Muang Xay, capitale minuscule d’une province perdue dans les montagnes du Laos à la frontière chinoise. Notre évasion nous avait menés ici, car un bus en prenait tout simplement la direction le matin. Et nous étions encore une fois en fuite après notre étrange épisode fluvial. A la faveur des éclairages d’un marché de nuit, nous croisons deux visages connus qui nous ont reconnus. Margot et Louis sont de ces personnes qui parcourent le monde sans lui laisser le loisir de respirer. Ils font du stop, ils marchent aussi certainement beaucoup. Voilà deux ans qu’ils apprennent la patience sur les bords de routes, qu’ils éprouvent une joie indicible lorsqu’un véhicule s’arrête devant eux. Nous les avions rencontré six mois auparavant au Ladakh à l’heure d’aller dormir. Ils arrivaient d’Afrique et repartaient vers le Pakistan, iraient plus tard au Népal et puis encore une fois en Inde. Nous faisions comme eux, on tirait des plans et des prédictions en consultant nos cartes de géographie. Nous avions tous les rêves, ils en avaient encore plus. Ils étaient plus jeunes aussi. Et nous les aimons pour cela, pour cette jeunesse énervée qui s’exprime dans leurs paroles, pour l’énergie insatiable qu’ils transmettent dans les regards. Ils sont en route dans un véhicule sans freins. Et ce sont ces engins canailles et débridés que nous préférons. Alors c’est incroyable de les retrouver assis autour d’une table à grignoter des amandes chaudes après tant de routes parcourues. Nous évoquons nos parcours respectifs évidemment. Mais c’est surtout une joie extraordinaire qui brille ce soir dans les yeux en pensant à ce monde sublime qui suinte de partout. Nous semblons heureux et bêtement surpris d’être ensemble encore une fois.

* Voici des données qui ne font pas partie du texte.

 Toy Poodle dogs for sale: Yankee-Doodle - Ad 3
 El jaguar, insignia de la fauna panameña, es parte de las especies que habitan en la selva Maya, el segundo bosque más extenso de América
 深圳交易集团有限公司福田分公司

Ils racontent le monde à coup de portières de voitures claquées dans le désert, de conducteurs hallucinés qui freinent subitement sur le bord de la route pour les embarquer. Ils parlent des coups de chaud, des dépits et des joies inhérentes à la route. Ils sont une jeunesse enragée qui se frotte au monde par curiosité et par goût de l’aventure. Ils ont fait leur cette phrase de Giono « Au fond, il s’agit surtout de laisser entrer la vie dans ce qui est devenu machinal et mécanique. » Ils font rentrer la vie exactement en face, sans presque rien choisir, acceptant tacitement tout en bloc, la poussière, le toit offert et parfois la tempête. Nous étions ceux qui, peut-être, leurs disaient que cela pourrait continuer encore un peu. 

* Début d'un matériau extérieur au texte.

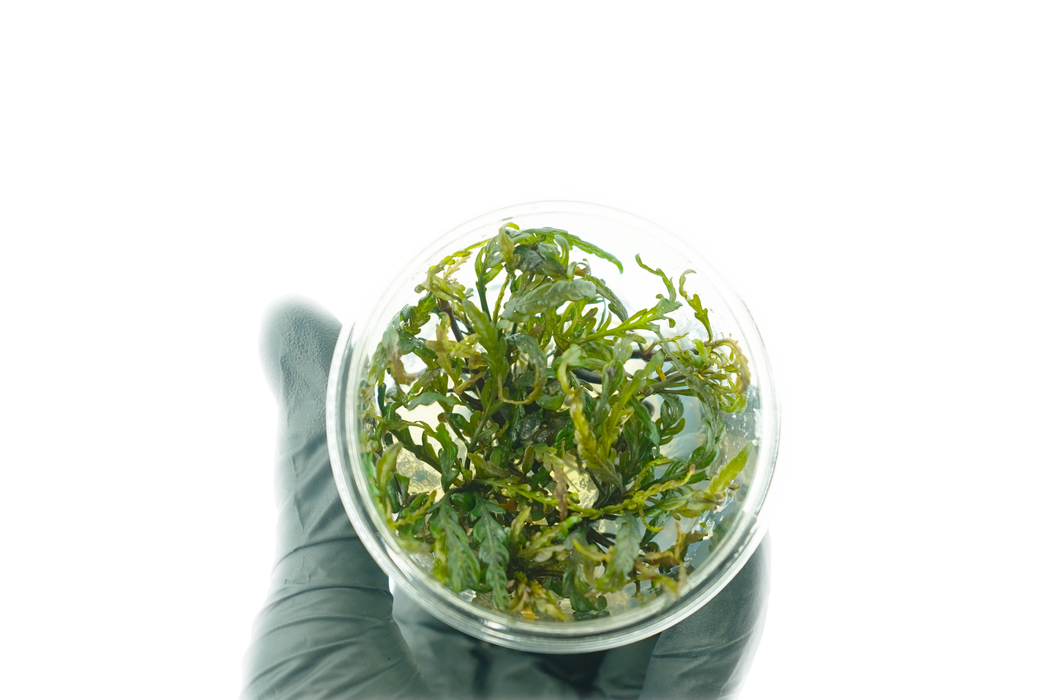 Hygrophila Pinnatifida - Tissue Culture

Il y avait ce soir là dans la ville de Muang Xay, un parfum d’aventure, deux ou trois souvenirs de routes anciennes et puis un peu de poésie déposée à nos pieds par quelque dieu malin adulant le hasard. Il avait fallu vraiment tout l’acharnement du destin pour faire se retrouver quatre égarés au milieu de l’agitation du monde. Nous étions présents ce soir pour le constater.

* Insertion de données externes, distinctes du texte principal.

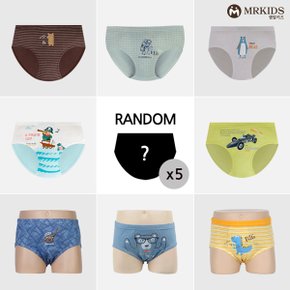 아동 랜덤 남아삼각팬티 아동속옷 5종세트_P301388659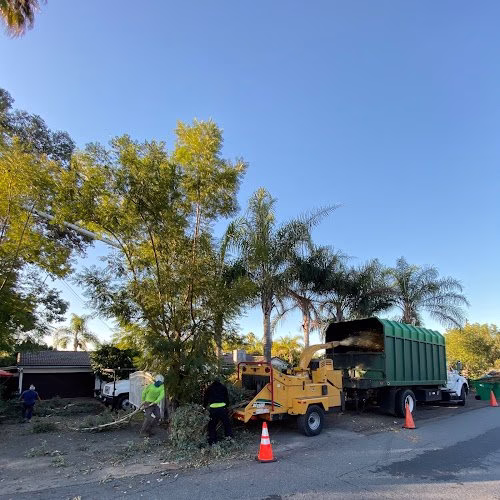 62405 premier tree experts 1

La route brûlait les pieds et elle avait tous les droits. Il ne fallait pas s’attarder, la fragilité de cet instant de dentelle était éphémère. C’est ce qui le rendait si précieux. Chacun repartait un peu plus loin le lendemain dans des directions opposées. On se disait au fond de nous que peut-être on se reverrait sans tout à fait y croire. On savait seulement qu’on avait tous les plans et que celui-ci en faisait désormais parti. Nous connaissions peu de ceux que nous croisions, deux ou trois choses à peine. Ils ne changeraient peut-être pas la marche de l’univers à le parcourir ainsi le nez en l’air et les yeux grands ouverts. Mais nous étions cependant convaincus au moins d’une chose : ils enchantaient la route autant que la vie à chacun de leur pas. Et pour cette élégance de poètes, nous leurs en étions infiniment reconnaissants.